Introduction: Determining optimal treatment approaches for atrial fibrillation (AF) patients is difficult because the patient specific mechanisms underlying the arrhythmia are typically unknown. These mechanisms and the effects of the atrial anatomy, electrical and structural substrate on potential AF ablation treatments may be investigated using virtual patient cohorts. However, constructing patient specific biophysical models for virtual cohort simulations is time consuming and there is large variability in atrial morphology between patients. Models within a virtual cohort should be constructed using a consistent approach regardless of variations in atrial morphology so that virtual patient ablation outcomes can be compared between cases. In this study, we developed a standardised pipeline for constructing personalised biophysical left atrial models to simulate AF and test different ablation approaches.

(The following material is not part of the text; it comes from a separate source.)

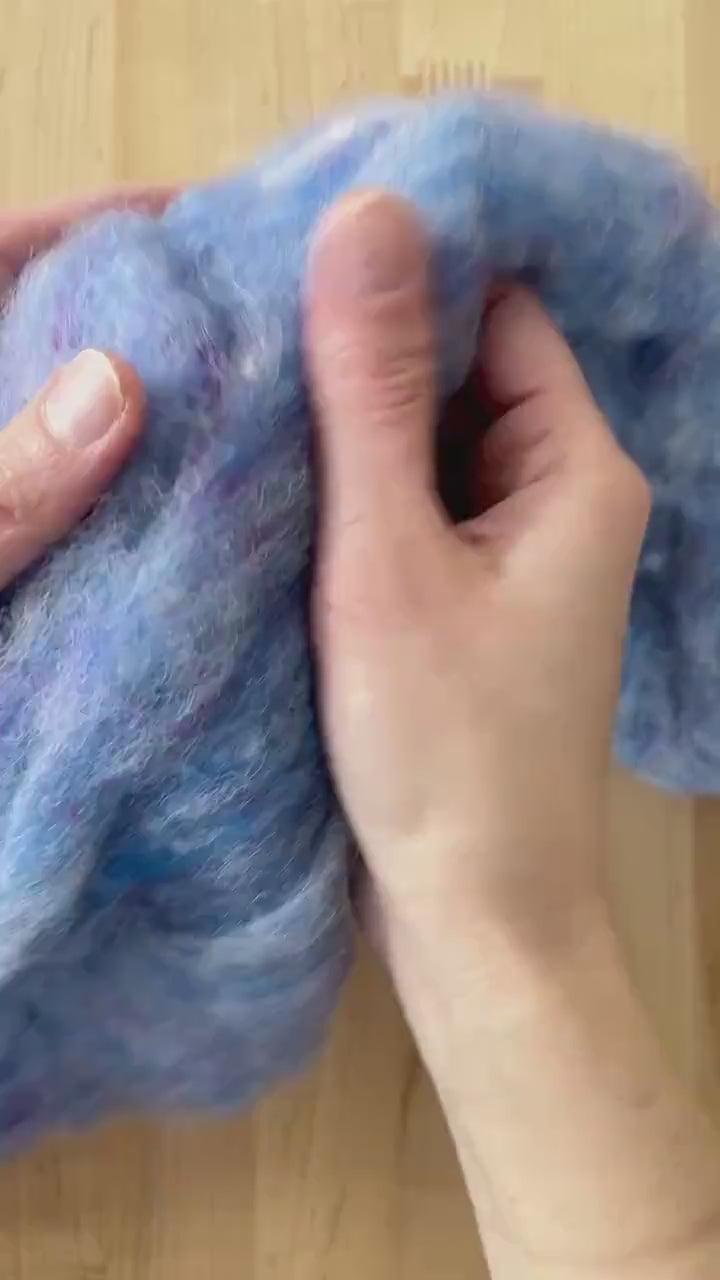 Cornflower Blue - Wool Batting for Needle Felting, Wet Felting, Spinning - 1 oz.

Methods: Late-gadolinium enhancement (LGE)-MRI data were segmented using the CemrgApp and meshed to create an anatomical shell. The pulmonary veins and left atrial appendage were labelled and the effects of repolarisation heterogeneity was incorporated as different maximal ionic conductances for the Courtemanche et al human atrial model in each of these regions. Fibrotic remodelling was included according to the distribution of LGE intensity values as changes in conductivity and the ionic cell model properties. Atrial fibres were mapped to each model from a DTMRI atlas distribution using the universal atrial coordinate system. AF was initiated by seeding four spiral wave reentries at standard locations across the anatomies. Pulmonary vein isolation ablation was simulated.
Conclusion: We presented a methodology for testing ablation approaches across a large virtual patient cohort of personalised left atrial models.